Fragile pont de mémoire, avivé par ce qui ne se termine pas, sur lequel la défaillance du souvenir recule, pour s'effacer face à ce qui a fait défaut, qui fait encore défaut.
Nous est refusé la consolation illusoire et romantique de l'Exil ; n'est exilé que celui qui peut revendiquer une Terre.
Où est cette Terre qui n'a pas eu le temps d'exister, qui s'est laissée entrevoir dans la Guerre, et qui, à nouveau aujourd'hui, se rouvre, dans les douleurs des morts qui répondent aux morts par-dessus le temps, et qui s'agite, dans l'effort épuisant de naître ?

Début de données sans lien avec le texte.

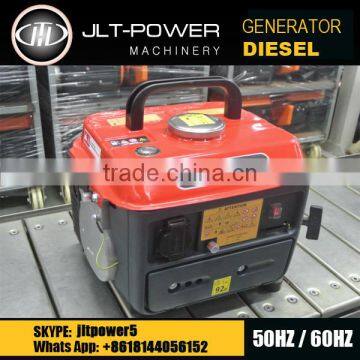 2-stroke Petrol Generator with black frame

Les chemins suivis par Camus ne sont jamais déterminés par l'espace-temps ordinaire, par les temps comptés des horloges ou la signalétique des cartes, mais par la récurrence aléatoire de l'obsession originaire qui fait que tous ses livres se ressemblent, s'éclairent les uns les autres sans jamais se succéder. Ainsi plusieurs chemins sont possibles pour les parcourir, une infinité : celui-ci n'en est que quelques-uns parmi les autres?

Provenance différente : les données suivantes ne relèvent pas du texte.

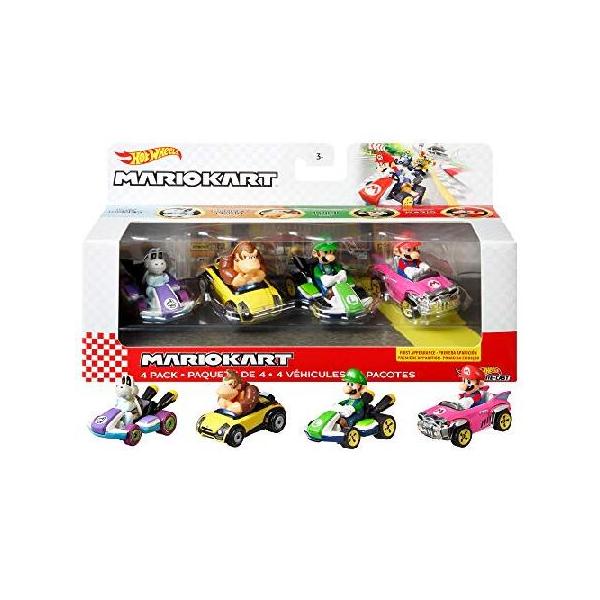 Hot Wheels（ホットウィール） マリオカート 4パックAセット 【限定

"Oran est un lieu de transmutation d'un exil encore teinté d'empathie, avec à la terre natale, romantique, c'est-à dire métaphysique, celui de Noces, de l'Eté, en un exil sans recours, gris, morne, d'une tout autre vérité. Qui a son poids de réel. (...) La Peste peut et doit"se lire sur plusieurs portées" dont aucune ne l'épuise. Le chemin s'inverse, il ne s'agit plus d'aller de l'idée vers l'image, mais de l'image vers l'idée".